W 682r. papież Leon II, mając poparcie Synodu Trulańskiego, jak również siódmego i ósmego soboru, sformalizował potępienie Szóstego Soboru Ekumenicznego.306,307,308 Oto mamy dwóch przeciwstawnych sobie papieży i jesteśmy zmuszeni zastanowić się który z nich, jeśli w ogóle, był nieomylny. Jeden z nich musiał się mylić—albo papież Honoriusz I zasługiwał na klątwę według kościelnych przepisów albo papież Leon II wyklął niewinnego człowieka. Ktoś popełnił więc błąd, ale według doktryny o papieskiej nieomylności, kościół chce abyśmy wierzyli, że obaj papieże mieli rację!

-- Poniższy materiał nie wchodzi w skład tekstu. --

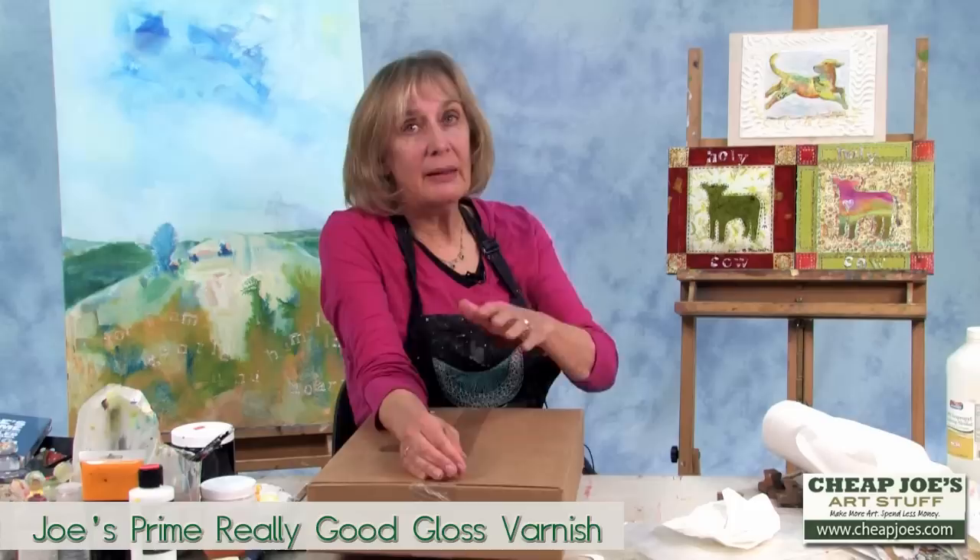From there, I will put the Golden self-leveling gel and finish up with a Golden varnish. This is what it will look like when it's finished — to me, it almost looks like the original. Then I just put a little hanger on the back of it and it's ready to hang. Thanks for stopping by.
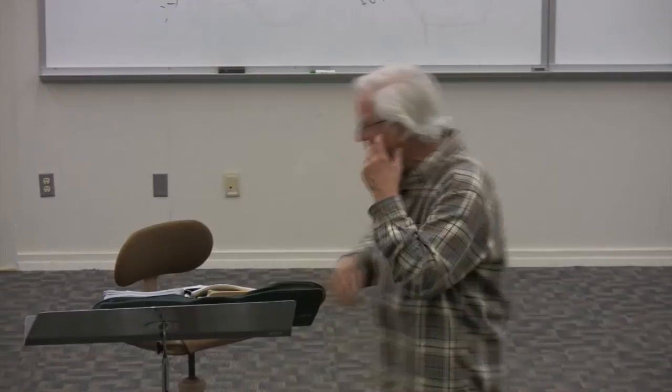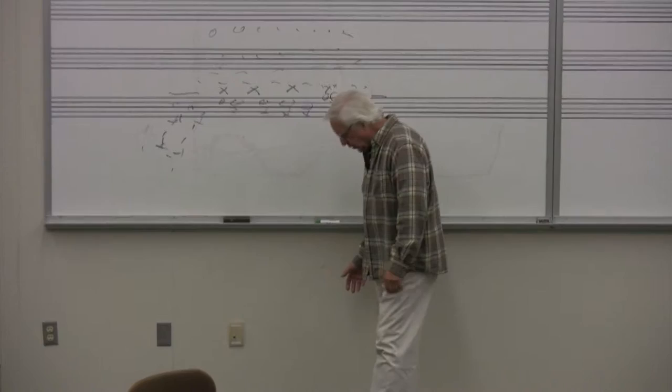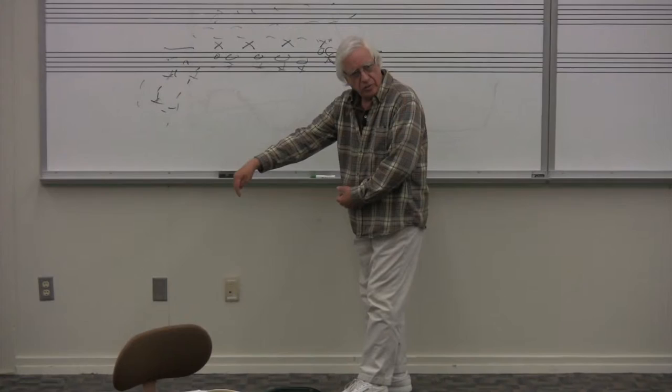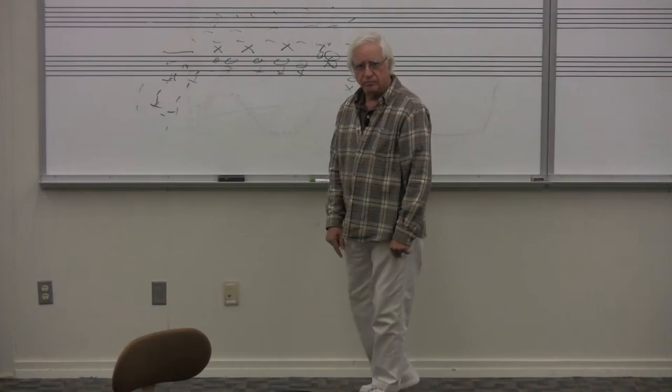They're the same frequency coming back. If I've got an instrument right here playing my saxophone, and I've got a microphone here, the sound is going to go straight from the bell to the microphone — but it's also going to bounce off the wall and arrive at the microphone. That's going to give me a phase problem right at the mic.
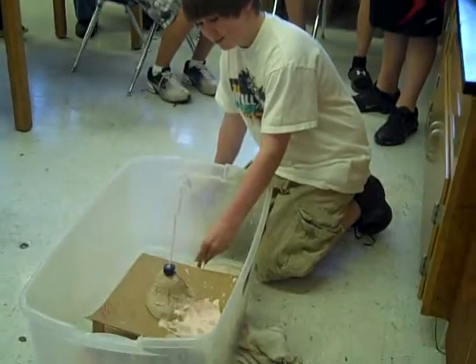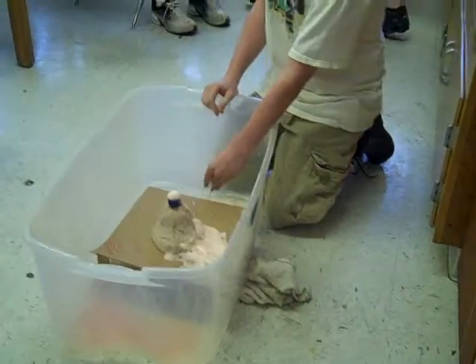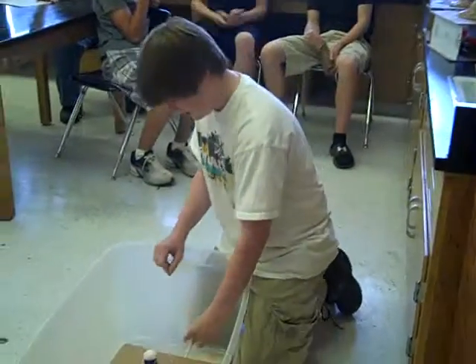Yeah! Nice! Split Splat. That was so cool. Split Splat. That one is actually realistic.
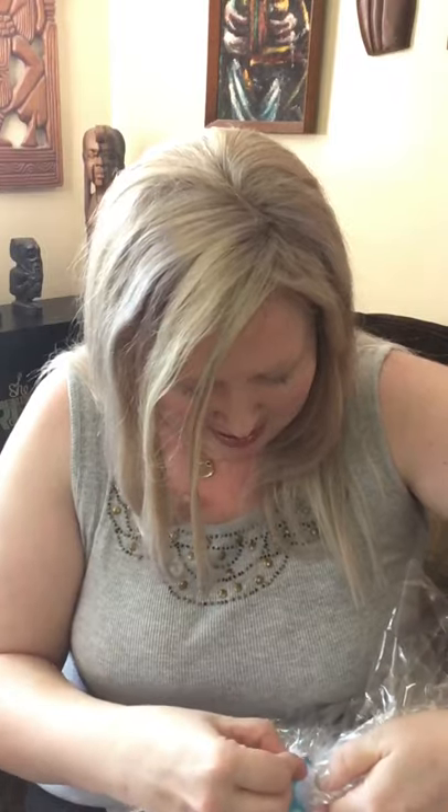Cut the ribbon here and that should hopefully work. They just did such a cute job with the ribbon, and so much thought went into making this. I'm going to open this up and take it out of the cellophane. And this is what it looks like — we will go through each of the individual items, but this is just absolutely stunning.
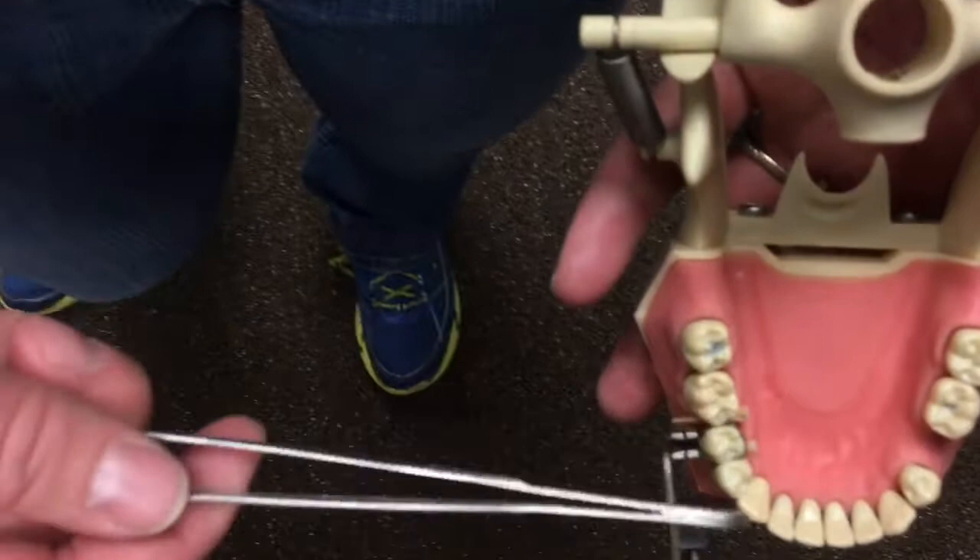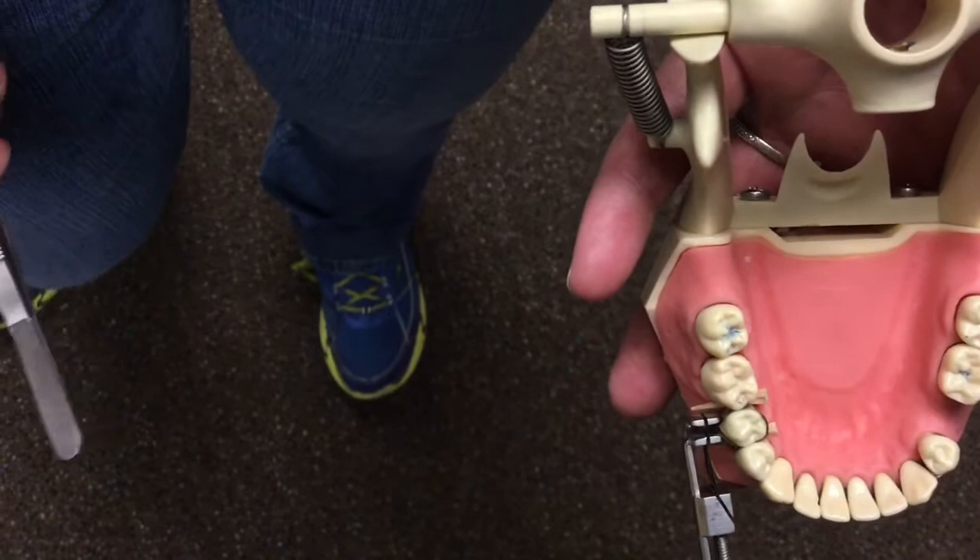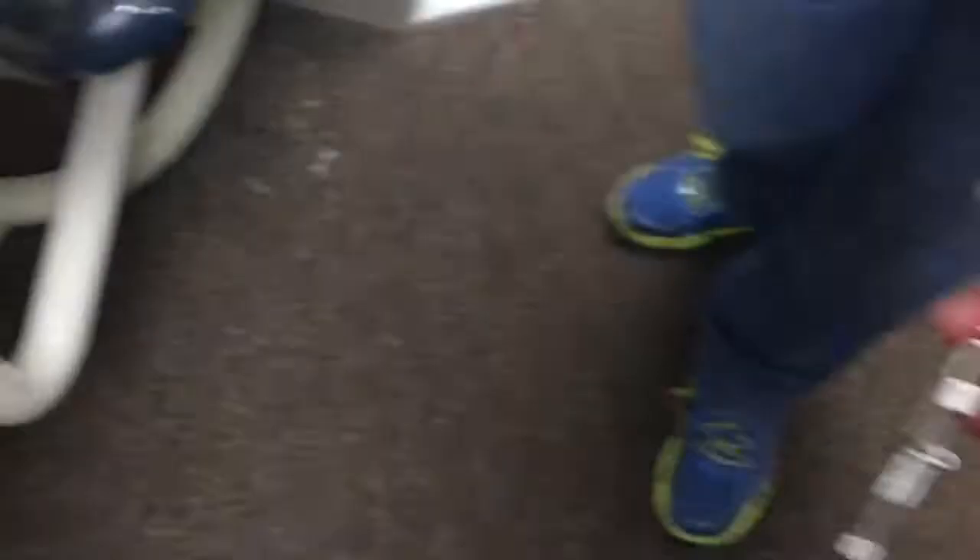That's the only difference between a class two and a class three caries restoration with composite — just adding either the Toffelmire with matrix band or the mylar strip. Everything else on your tray is still going to be the same. As you work with the doctors, you'll get to know exactly what they want, and then you won't have to take out all the stuff, but to begin, this is what you'll want to do.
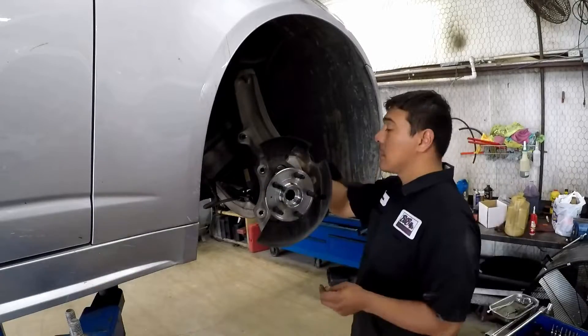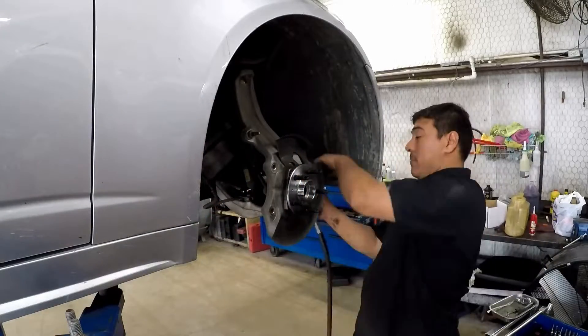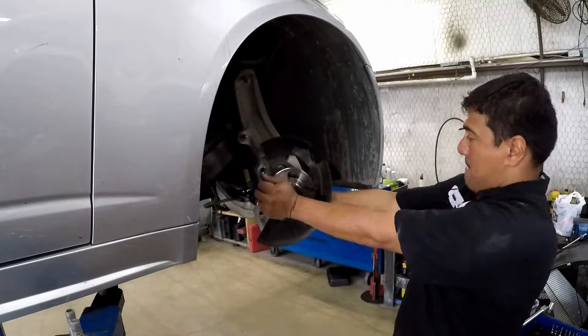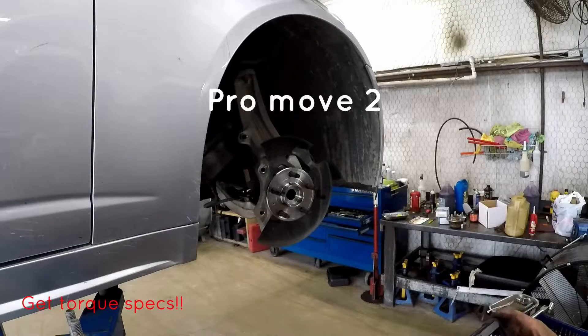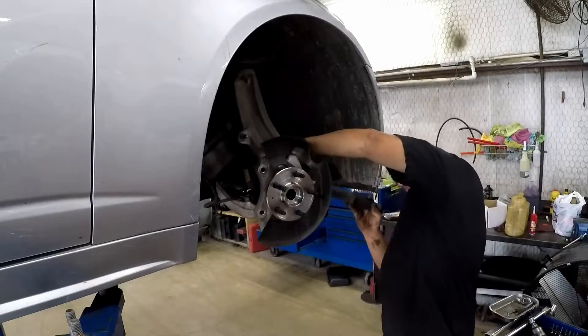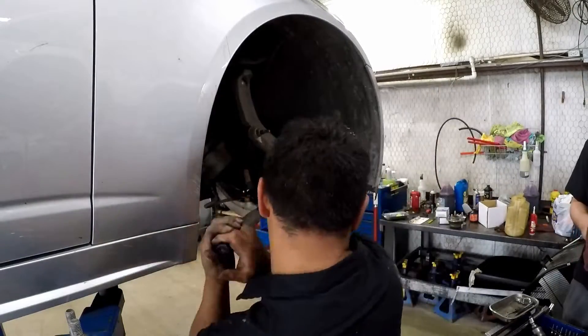Keep in mind Chewy is on time-lapse — he's pretty fast but not quite this fast. Now here comes pro move number two: always look up the torque specs. He's got the tablet out, looked them up, and now he's using the torque wrench. Torque those babies down. Very nicely done, Chewy.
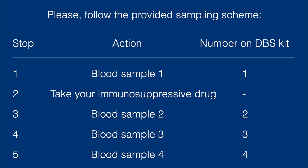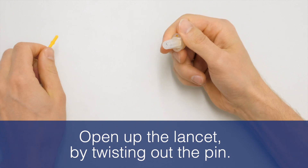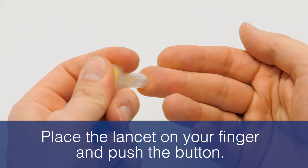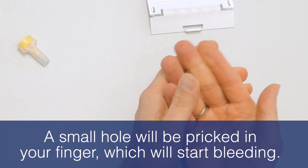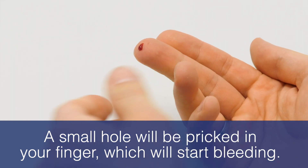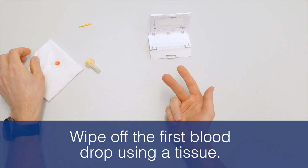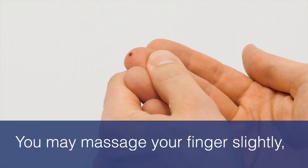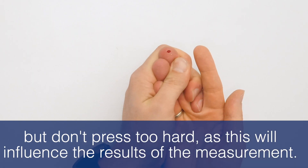Please record the time when you take your blood sample. Open up the lancet by twisting out the pin. Place the lancet on your finger and push the button. A small hole will be pricked in your finger which will start bleeding. Wipe off the first blood drop using a tissue. Wait until a fairly large second blood drop forms. You may massage your finger slightly, but don't press too hard as this will influence the results of the measurement.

Kartkując kroniki papieskiej historii natknięmy się na podobne przypadki, które za każdym razem uniosą w zdziwieniu nasze brwi. Papież Pius IX zdefiniował doktrynę o papieskiej nieomylności na Pierwszym Soborze Watkańskim, który obradował od 1869 do 1870 roku. Innymi słowy, doktryna taprzez ponad piętnaście wieków unikała ukazania się i rozpoznania. To opóźnienie jest całkiem zrozumiałe, biorąc pod uwagę historię papiestwa. Siódmy wiek był świadkiem barwnej intrygi skupionej wokół papieża Honoriusza I, która została powyżej przedstawiona. Dziesiąty wiek był czasem papieża Jana XII, którego zbrodnie przeciw ludzkości były takiej skali i tak pełne deprawacji, że zmusiły jednego z historyków do ogłoszenia go chrześcijańskim Kaligulą, dodając, że: Zarzucano mu, że obrócił Lateran w dom publiczny; że wraz ze swoim gangiem gwałcił kobiety, czyniąc to w samej Bazylice św. Piotra; że dary pokornych wiernych złożone na ołtarzu były porywane jako zwyczajny łup. Był zapalczywym miłośnikiem hazardu, a podczas gry wykrzykiwał imiona pogańskich bożków, które są teraz powszechnie uważane za demony. Jego głód seksualny był nienasycony—nie było to jednak dużą zbrodnią w oczach Rzymian. O wiele gorszym było jednak to, że przypadkowe osoby odwiedzające jego łoże były nagradzane nie złotem, ale ziemią. Jedna z jego kochanek była w stanie ogłosić się panem feudalnym, “gdyż był tak ślepo w niej zakochany, że ogłosił ją gubernatorem wielu miast—obdarowując ją nawet złotymi krzyżami i kielichami samego św. Piotra.”309
Benedykt IX objął urząd św. Piotra w 1032r., jedynie po to, aby sprzedać go swojemu ojcu chrzestnemu, Giovanni Gratiano, za imponującą sumę 1500 funtów złota.310 Podobne spadki miały miejsce u kolejnych papieży, jednym z przykładów jest piętnasty wiek, w którym tron św. Piotra został niewygodnie przeładowany aż trzema papieżami jednocześnie: Benedyktem XIII, Grzegorzem XII i Janem XXIII 311(NW) (będący sam expiratem, tak jakby sytuacja wymagała jeszcze większej intrygi i skandalu).312
Możliwe, że najbardziej wartą uwagi osobliwością jest ta związana z żyjącym w XIII wieku papieżem Celestynem V, o którym New Catholic Encyclopedia (Nowa Katolicka Encyklopedia) podaje następującą wzmiankę: “Panowanie Celestyna charakteryzowała niefortunna służalczość Karolowi II oraz administracyjna niekompetencja.( . . .) Będąc świadomy swojej niekompetencji, Celestyn wydał dekret (10 grudnia) ogłaszający prawo papieża do rezygnacji z urzędu, po czym 13 grudnia dobrowolnie zrezygnował z papieskiego tytułu.”313 Trudno o bardziej interesujące wypaczenie—papież, który uświadomił sobie swoją niekompetencję i zrezygnował z urzędu! Katolicy twierdzą, że papież nigdy nie popełnia błędu, ale Celestyn, jak się okazuje, nie potrafił ich nie popełniać. Nieomylny i niekompetentny—prawdziwie osobliwa sugestia.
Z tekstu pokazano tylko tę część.